In our workshop, I became intrigued by the structure and content of minstrel shows. I knew little about them, except how they were used to denigrate African Americans. That is certainly true, particularly after the Civil War, when racists and anti-abolitionists used minstrelsy to depict Blacks as servile, “happy children” and ill-prepared to live as free people. In other words, they were better off as slaves.
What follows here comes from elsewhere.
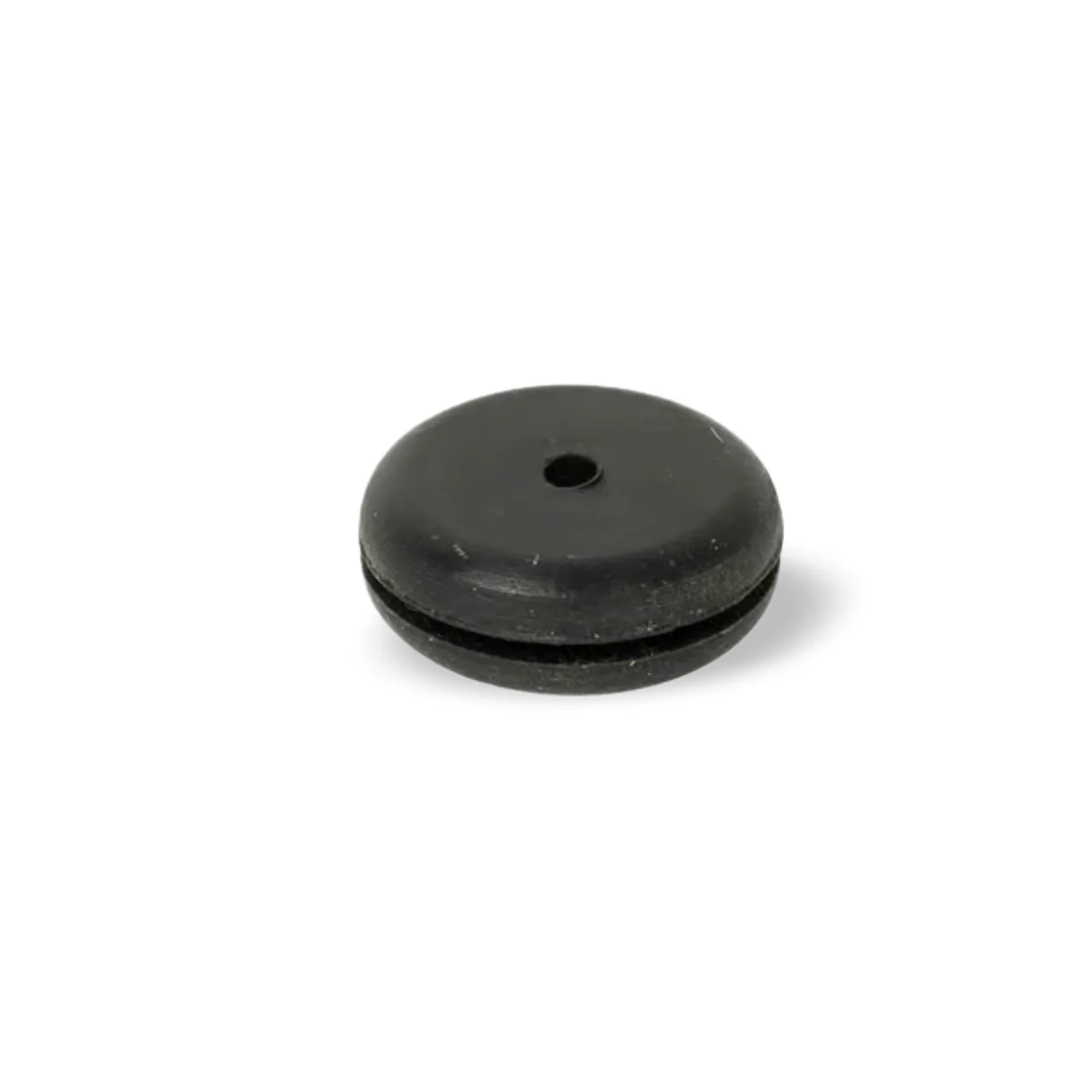 914Rubber License Plate Wire Grommet Upgrade for Porsche 914 (All Years) - Image 2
Besides having conversations with Lynn and Dominic, sources I consulted included the book Inside the Minstrel Mask, by Mel Watkins (Wesleyan University Press, 1996). I also watched Spike Lee’s Bamboozled, an incredibly profound and moving satire of minstrelsy. Minstrelsy is generally believed to have begun in the 1830s, consisting of skits, musical numbers, and variety acts, performed by whites in black face. T.D. Rice is credited with developing the original minstrel show with his signature “Jump Jim Crow” song and dance number.
Besides the fascinating history of this purely American entertainment, I was interested in the structure of the minstrel show, since I had already been exploring the three-part structure. The minstrel show consisted of three performers: an interlocutor, who was sort of a moderator or straight man, and his end men, Tambo and Bones, who played the tambourine and “bones” (rattled bone castanets or bones) respectively. So it was a nice surprise to find out that The Impotent General, although nothing like a minstrel show, did share some of its formal ideas. It was satisfying to know that the oddball structure that I had found for The Impotent General has historical precedence in early American theater. Now I can actually claim I knew what I was doing all along.
In our final America-in-Play project, I decide to use the minstrel structure to create a wholly modern play and comment on current politics by focusing on New Orleans and the disaster that followed Hurricane Katrina. The play, Waiting for Minstrel, used the popular minstrel song Old Dan Tucker to satirize the government response to New Orleans. Another aspect of the minstrel show was the stump speech, a comic speech filled with malapropisms. In Waitng…, a visitor from FEMA delivers an absurd and insensitive stump speech to the “good people of New Orleans.” Another aspect of the minstrel show was to parody highbrow entertainment, particularly the British stuff, so in Waiting…. Tambo and Bones read an excerpt from the new Tom Stopit play, Snooze of Utopia.
In my first draft of the play I used period slang, and that didn’t come across very well, especially considering I was writing a modern version. It felt like a bad imitation of a minstrel show. After discussions with Lynn, I decided to use contemporary language, and that made the piece modern while clearly referencing the minstrel show. Also, all the characters in my piece were women, and the actress who played the interlocutor was African American. It was exciting to use the formal devices of the minstrel show while commenting on the current state of political affairs (particularly in relation to African Americans), while turning the genre on its head.